La grande école des garçons, on y accédait par un large portail à double battant que le maître de service venait ouvrir le matin et l’après-midi. Tous les enfants attendaient devant ce portail, pourtant de faible hauteur, mais que personne n’aurait eu l’idée saugrenue de franchir sans autorisation.
Dès que le maître l’ouvrait, les plus grands s’y engouffraient comme un troupeau de chèvres en courant et brayant à tue-tête ; et la cour, si paisible et silencieuse quelques instants auparavant, se remplissait de bruit et de fureur.
Certains couraient, d’autres complotaient sentencieusement dans un coin du préau ; d’autres s’échangeaient des billes et des trésors inestimables. Le matin nous emportions notre cartable (ou carnasse) ; et l’après-midi, notre mallette, sorte de pochette en tissu à carreaux souvent cousue par nos mamans et fermée en haut par un élastique, qui contenait notre goûter : le plus souvent une tartine beurrée coupée en deux repliée sur elle-même et un carré de chocolat Delespaul Havez. Et parfois aussi un fruit, une pomme ou une mandarine, selon la saison.
Après ces retrouvailles matinales, le directeur lançait son grand coup de sifflet et chacun courait se mettre en rang sous le préau avec sa classe. Les maîtres arrivaient, et se mettaient à la manœuvre. Certains étaient gentils, d’autres criaient et nous faisaient peur ; on était soulagés de ne pas être dans leur classe et on avait un regard de compassion pour nos camarades malchanceux.
Mais les gentils étaient les plus nombreux : Mr Quille, Mr Lejeune, Mr Matusjewski, Mr Beulque… Au coup de sifflet, chaque colonne s’ébranlait en silence (enfin on faisait quand même claquer les semelles cloutées de nos bottines pour faire de l’écho sur les structures métalliques qui résonnaient) en empruntant les pistes cimentées et couvertes qui conduisaient, en serpentant et parfois en se croisant, aux bâtiments d’enseignement.

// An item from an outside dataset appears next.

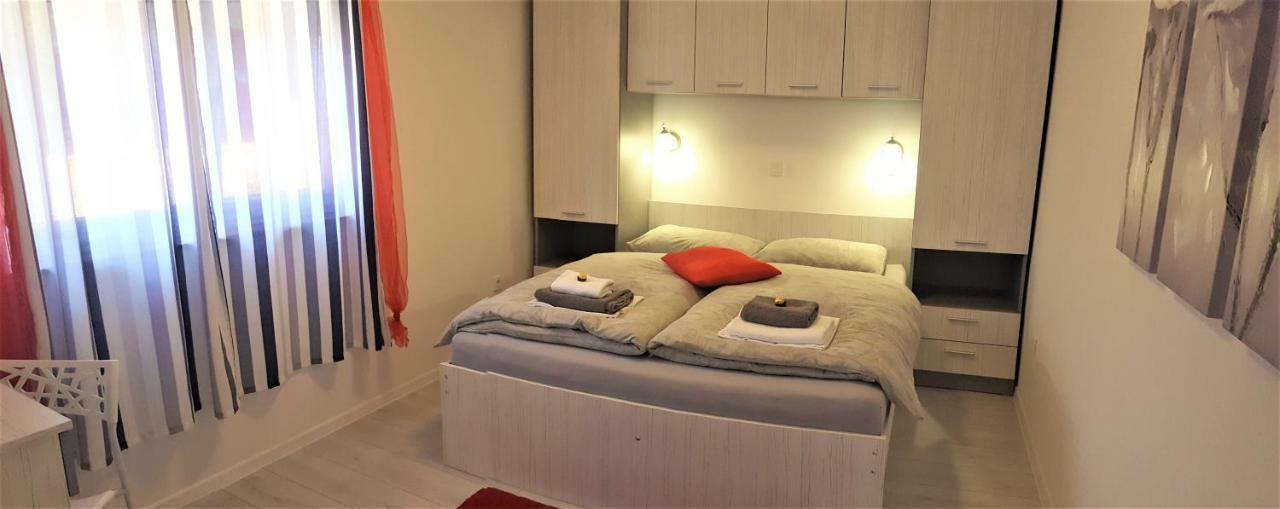 Apartmani "Sandro" Gonar Rab Town Luaran gambar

Ils étaient au nombre de 4 et abritaient 10 classes de CP, CE1, CE2, CM1 et CM2 ; et probablement une classe de rattrapage et une autre pour le certificat d’études. Le directeur, Monsieur GORRÉE, résidait dans une espèce de rotonde en briques de verre, à coté du préau, et tous les chemins menant aux bâtiments y convergeaient.
(voir les 3 photos)
Il y avait 3 classes par bâtiment ; et un long couloir tapissé de portes manteaux sur toute sa longueur, les desservait. Chacun se dévêtait dans le couloir en arrivant. Parfois, on était punis et envoyés dans le couloir (dernier avertissement avant l’envoi chez le directeur). On restait là, tout seul, parmi tous ces manteaux et cache nez immobiles, endormis ; et on écoutait derrière les portes ce qui se passait dans les autres classes ; souvent çà criait fort et on n’aurait pas aimé y être.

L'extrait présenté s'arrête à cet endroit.